How to complete this task -> Nothing but the lines from the start of the data through the line with "Electric heat pumps" should appear in the answer, each retyped exactly, and pictures should not.

Data segment ->
*** Block opens ***

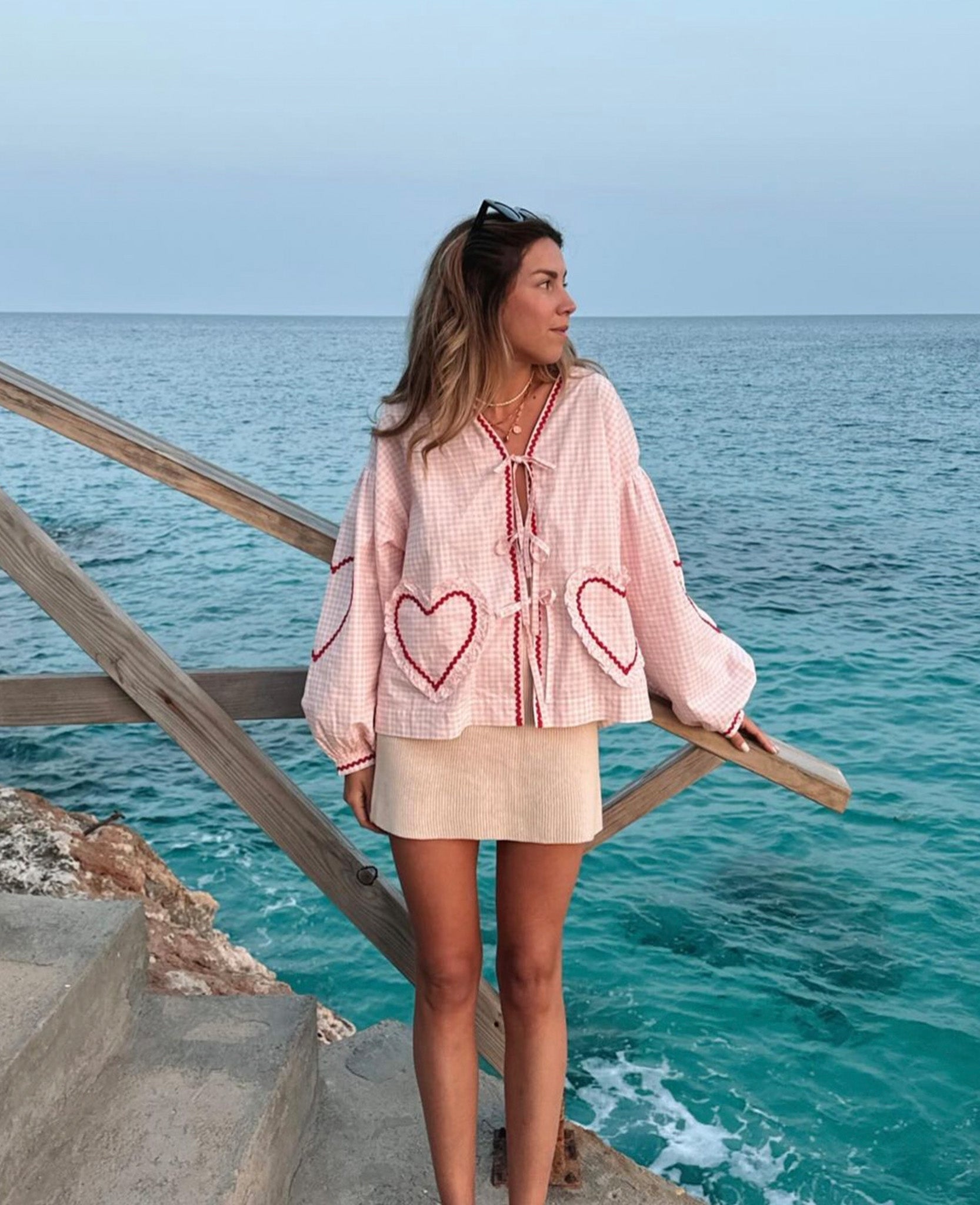 Woman standing on path near ocean wearing long sleeve pink checked blouse with front tie closures and heart shaped pockets and mini skirt.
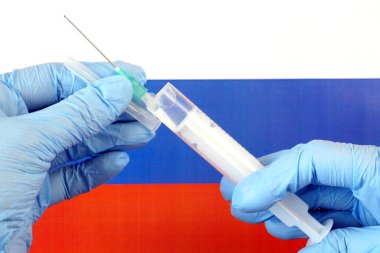 Covid - 19, koronavirüs konsepti. Rus Federasyonu bayrağında şırınga ve koronavirüs salgını içeren tıbbi eldiven verin.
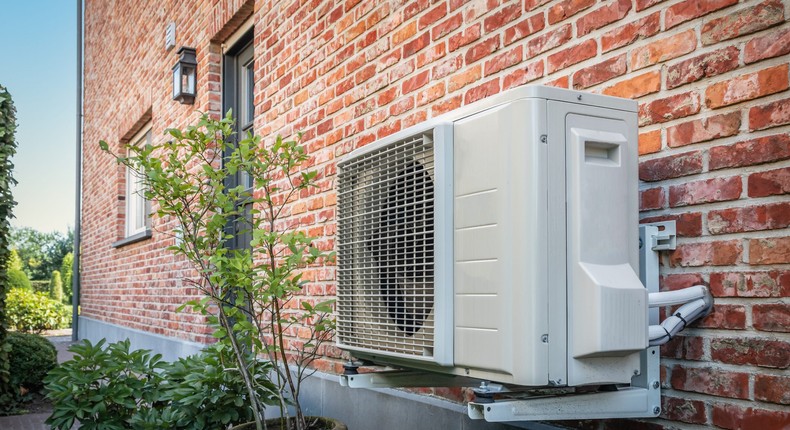 Electric heat pumps are energy efficient and don't burn fossil fuels.Nancy Pauwels/Getty Images.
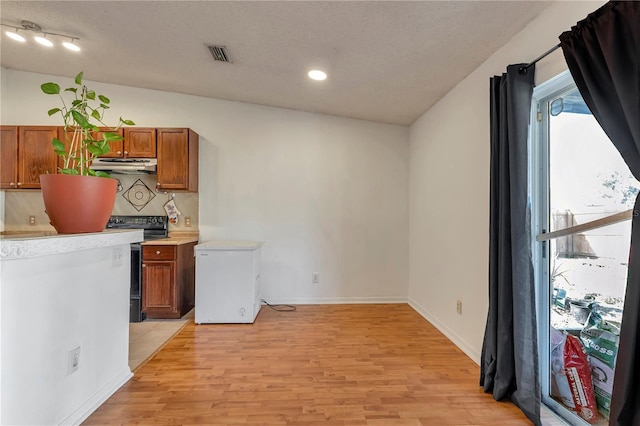 kitchen featuring black electric range oven, backsplash, a textured ceiling, fridge, and light wood-type flooring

*** Block closes ***

Finished task ->
 Woman standing on path near ocean wearing long sleeve pink checked blouse with front tie closures and heart shaped pockets and mini skirt.
 Covid - 19, koronavirüs konsepti. Rus Federasyonu bayrağında şırınga ve koronavirüs salgını içeren tıbbi eldiven verin.
 Electric heat pumps are energy efficient and don't burn fossil fuels.Nancy Pauwels/Getty Images.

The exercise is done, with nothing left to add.